Symptoms that commonly preceded a rash were fever, swollen lymph nodes, lethargy, myalgia, and headache.

Ansorg explained on Tuesday that the virus was transmitted through close skin-to-skin contact, or by close face-to-face contact, such as kissing or cuddling. Mpox also spread through “fomites,” or objects that touched the infectious rash or body fluids, like clothing, linens, or eating utensils. The literature indicates that pox viruses can live on drier, colder surfaces for up to two weeks.

Mpox is not spread by brief social contacts like shaking hands, saying hello, or passing next to someone, Ansorg added: “But having said that, it is still spreading quite significantly.” Worldwide, the count was up to 30,000 people infected; 9,000 have been infected in the U.S.
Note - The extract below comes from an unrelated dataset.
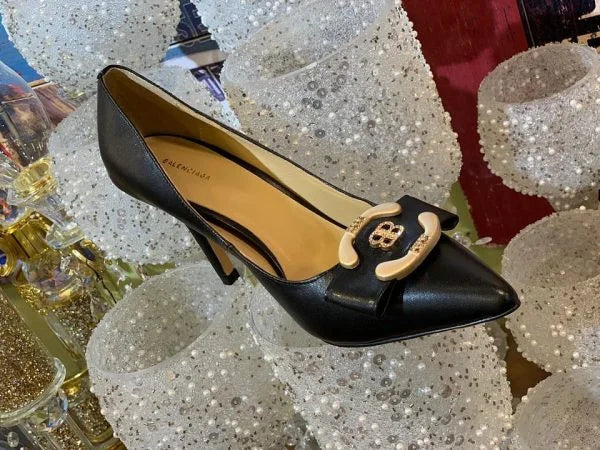 Balenciaga Women鈥檚 Knife Pump Heels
He noted that people infected with Mpox could go to the grocery store, “but be sure your clothing covers the lesions, and don’t go if you have a fever.”

Vaccines

In a discussion with Supervisor Joan Hartmann, Ansorg confirmed that having had a smallpox vaccine, perhaps as far back as the 1960s, conferred some immunity. The strength of protection from an old vaccine would vary and would be unpredictable, he later told the Santa Barbara Independent, but “there is the chance of at least some protection.” Smallpox was declared eradicated worldwide in 1980.

Hartmann also asked about the future risk from cases of polio in New York. Ansorg replied that his reading indicated the polio findings in New York City’s wastewater were similar to findings in London and Israel, and they were actually from an oral live virus vaccine that isn’t given in the U.S. any longer. The N.Y.C. health department stated a man in Rockland County north of Manhattan was diagnosed with paralytic polio on July 21, and poliovirus was also detected in the sewage of neighboring Orange County. Both counties have relatively low polio vaccination rates of about 60 percent.

“If anybody is traveling to remote places in the world, I would definitely recommend a booster shot to be fully protected,” said Ansorg, who lamented the number of people who were not fully vaccinated as children.

Africa has yet to receive any of the Jynneos vaccine, said Zain Rizvi and Aly Bancroft of Public Citizen’s Access to Medicines Program in an opinion piece last week at MedPage Today. The medical world paid little attention to the disease when it affected “only poor people of color.… Where could we have been if tools like Jynneos had been studied locally, manufactured regionally, and distributed systematically to affected populations in endemic countries before this outbreak?” They argued that the U.S. could help stand up manufacturing through the transfer of technology to places like Africa to head off similar global outbreaks by working together.

Webinar and Vaccine Clinics

On Wednesday, August 17, at 7 p.m., Ansorg will be among the participants of a virtual town hall meeting on Mpox here, which is sponsored by Planned Parenthood and Pacific Pride Foundation.

Pacific Pride will also hold vaccination clinics this week and next. Doses are limited, the nonprofit cautioned, and eligibility criteria include known close contacts of existing monkeypox-infected individuals, and people with risk factors who have been exposed. Check with Santa Barbara County Public Health Department at (805) 681-5280 or PHDDiseaseControl@sbcphd.org to verify eligibility. For the vaccination clinics, only eligible people over age 18 may participate, and they take place in Santa Barbara on August 18, 5-8 p.m., at 608 Anacapa Street, and in Santa Maria on August 25, 5-8 p.m., 105 North Lincoln Street. More information is available at Pacific Pride’s website.